R. A humanidade sempre foi vulnerável a algum tipo de risco ou catástrofe, como o asteroide que acabou com os dinossauros. Aconteceu há 65 milhões de anos, o que indica que não acontece com muita frequência; além disso, todos os asteroides que encontramos não estão em rota de colisão com a Terra. A possibilidade de nos extinguirmos em um século qualquer é de uma em 1.000; se não fosse assim, não teríamos sobrevivido todo esse tempo. Mesmo assim, existem novos riscos de origem humana —estou especialmente preocupado com as pandemias criadas em laboratórios, a guerra biológica e a inteligência artificial— que são os mais urgentes, pois convivemos com eles há cerca de 75 anos e não temos referências que nos permitam entender como podem se desenvolver.

P. A única forma de evitar os riscos seria nos tornarmos uma espécie interplanetária?
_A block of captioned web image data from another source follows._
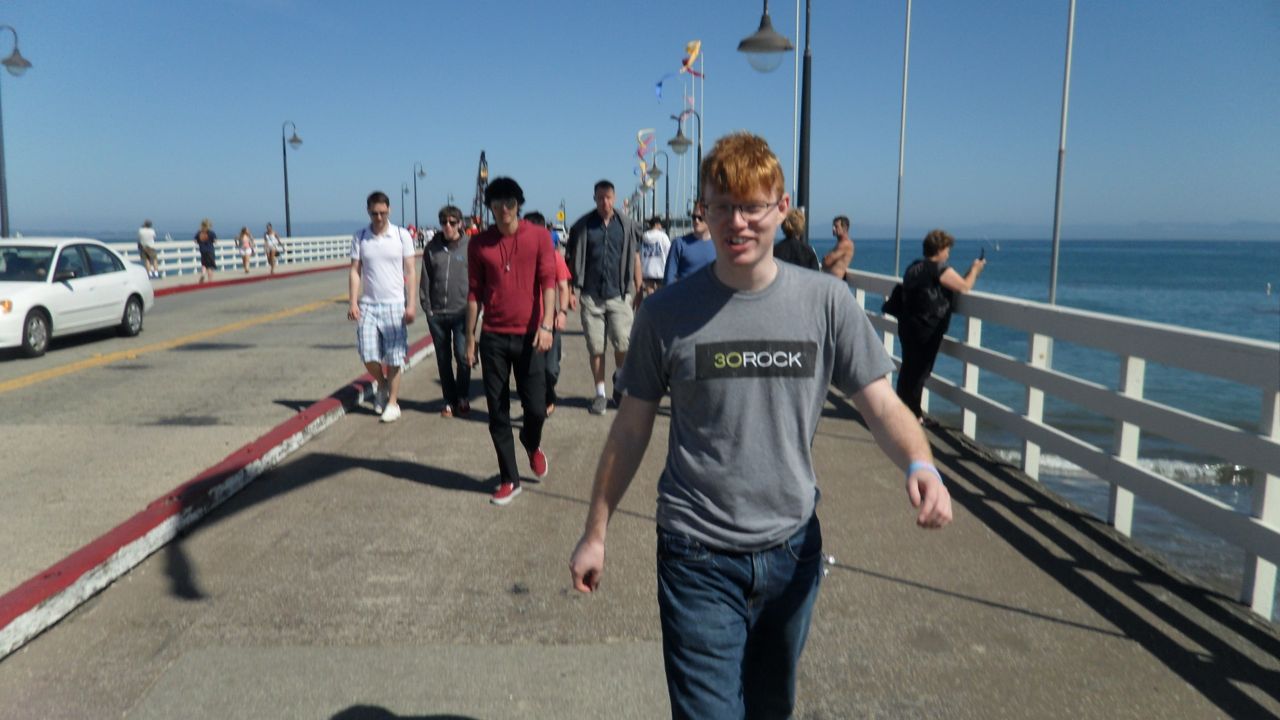 Jaxon leading the crowd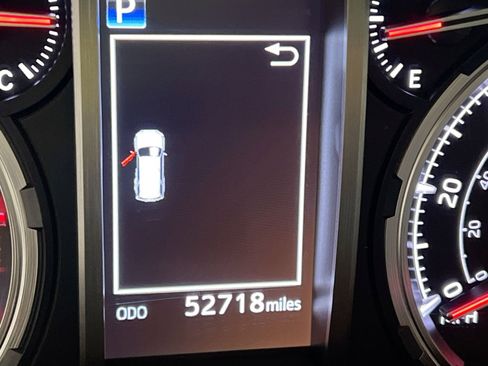 Used 2022 Toyota 4Runner Limited image 30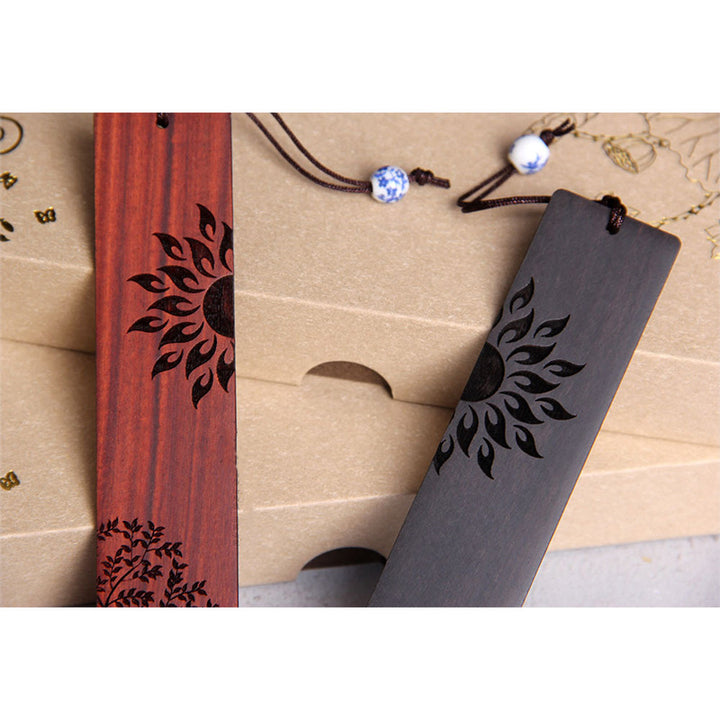 Marcadores de libros de sándalo rojo de hoja pequeña de madera de ébano con árbol solar y Buddha Stones con caja de regalo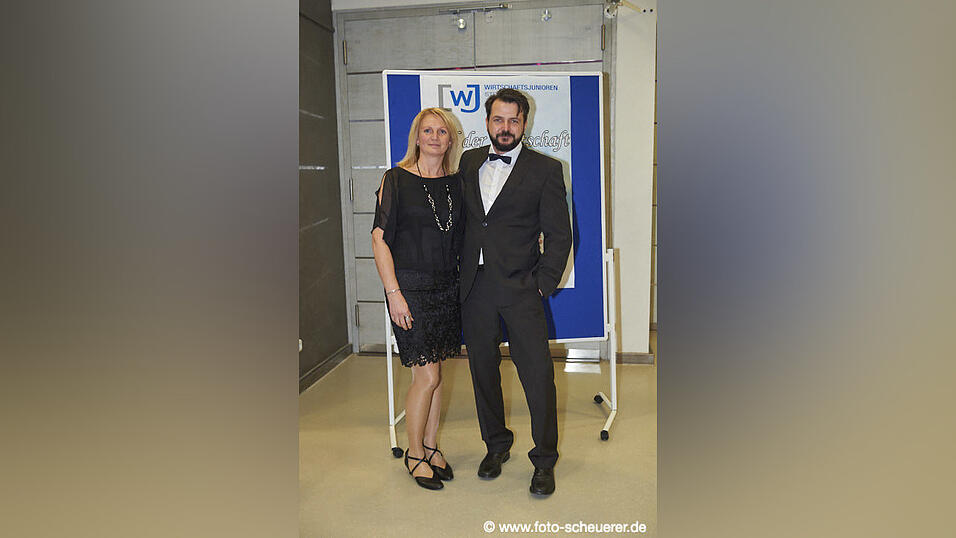 Feiern k&ouml;nnen sie, die Wirtschaftsjunioren - hier ist der Beweis!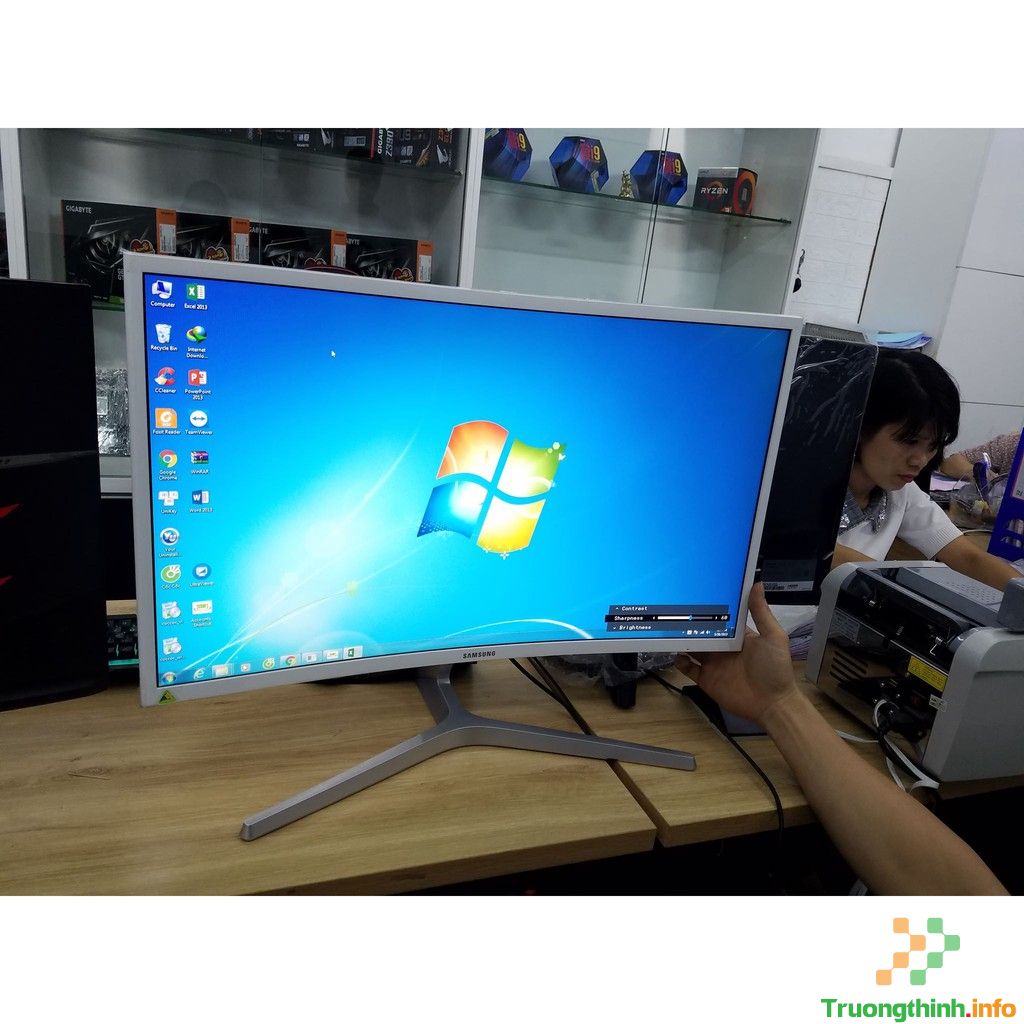 Top 10 Địa Chỉ Bán LCD Màn Hình Máy Tính Ở Huyện Lạc Thủy Giá Sỉ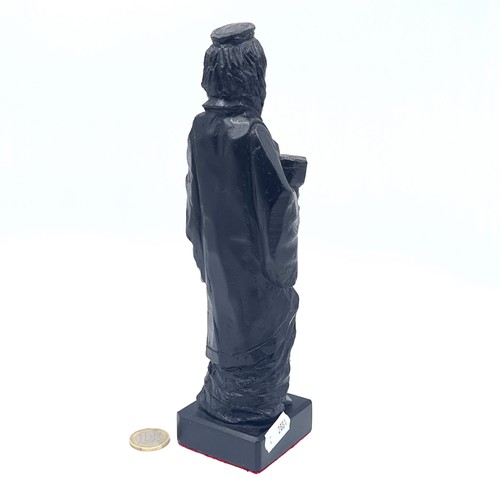 48 - An interesting vintage figure depicting Joan of Arc. Dimensions: Height - 23 cms & width - 7cms. Wei...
R. Carl Sagan falou sobre isso também. É uma coincidência que o momento em que a humanidade enfrenta essas ameaças aconteça justamente quando podemos viajar para outros planetas. Elon Musk sugeriu que é isso que motiva a SpaceX. Acredito que sem dúvida seria útil para lidar com o Risco Existencial e se evitariam alguns como os supervulcões e os asteroides, mas existem outros riscos, como a ameaça dos totalitarismos e das pandemias, que também podem ocorrer em outros planetas. Se nos tornarmos uma espécie interplanetária, metade dos riscos pode desaparecer e poderíamos dobrar as chances de sobreviver, mas a chave não está em chegar a outros planetas, mas em enfrentar os riscos e tomar medidas adequadas aqui e agora.

P. Colocamos tanta ênfase na detecção de todos os asteroides nas proximidades da Terra porque existe um precedente.

R. Sim, temos sorte de poder vê-los. Se a Terra tivesse recebido o impacto de um asteroide de mais de 10 quilômetros de diâmetro nos últimos 100 ou 1.000 anos, não estaríamos aqui para observá-lo, o que é bastante tranquilizador.

P. Estamos no final de uma pandemia mundial, você acredita que a humanidade sobreviverá nos próximos 100 anos?

R. Sim, acredito. Em meu livro explico que a probabilidade de a espécie humana não sobreviver nos próximos 100 anos é de uma em seis; o lado positivo é que a probabilidade de sobreviver é muito maior: cinco em seis. O choque no caso de não fazê-lo seria enorme.